Not long after the attack, he was transferred to a maximum-security prison in Kumamoto and it was there that he was baptized.
Pastor Yoji Nakamura, 42, from the Kumamoto Harvest Church who counsels inmates at the prison, first met Aoki at a Christmas party in 2004.
“He was very sincere about wanting to turn over a new leaf; there was no need to persuade him. He started corresponding with me, and at his request, I would also see him once every two months,” he says.
Aoki was released in March last year, and with help from his older sister, rented a room in an apartment near Pastor Nakamura’s church.
“He would come every day, and help to clean and take care of the place,” says Pastor Nakamura.
The former gangster came to Singapore in February this year on a City Harvest scholarship and recently completed his theology course, sitting through the English lessons with the help of a translator.
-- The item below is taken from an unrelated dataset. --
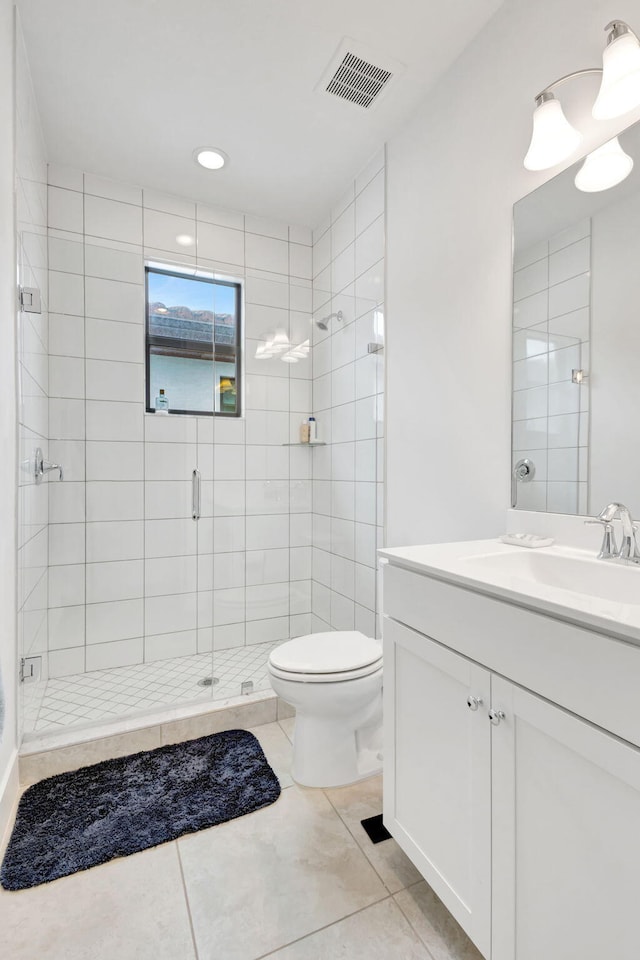 13291 Machiavelli Way, Palm Beach Gardens, FL 33418 - full bath with vanity, a stall shower, toilet, and tile patterned flooring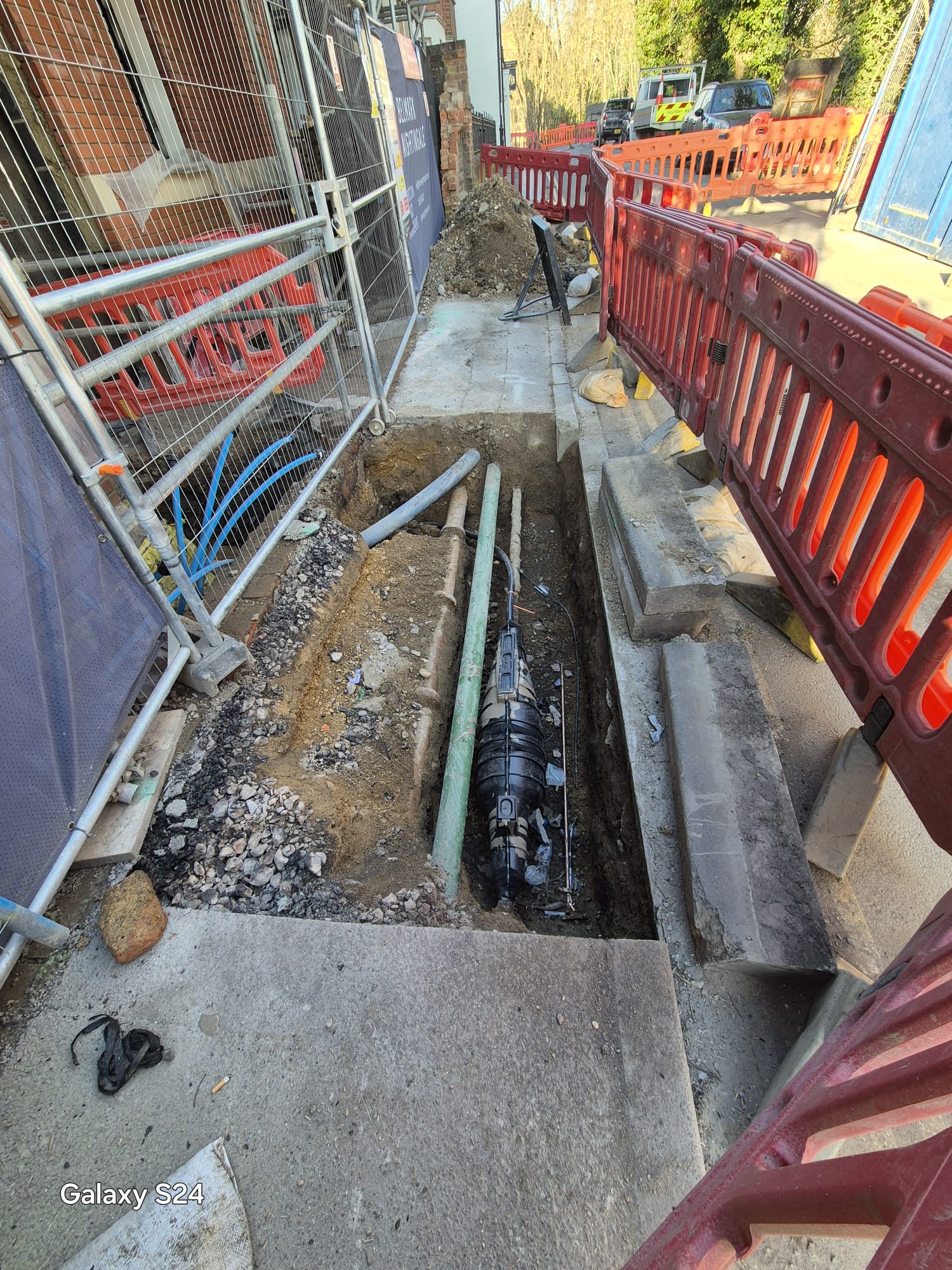 Utilities excavation guarded by barriers and fencing with a protected pedestrian route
Not proud of the life he has led, he says: “I know I’ve hurt a lot of people ever since I was 15. I pray every day to find release from all the pain and suffering I have inflicted.”
Setting up a halfway house for former convicts is what he most wants to do now, to help them avoid going back to their old ways. He will be working on the project with Pastor Nakamura.
“After I’ve done this, perhaps I will go and see my children. They know me as a yakuza father. I don’t want to see them until I have done something worthwhile,” he says.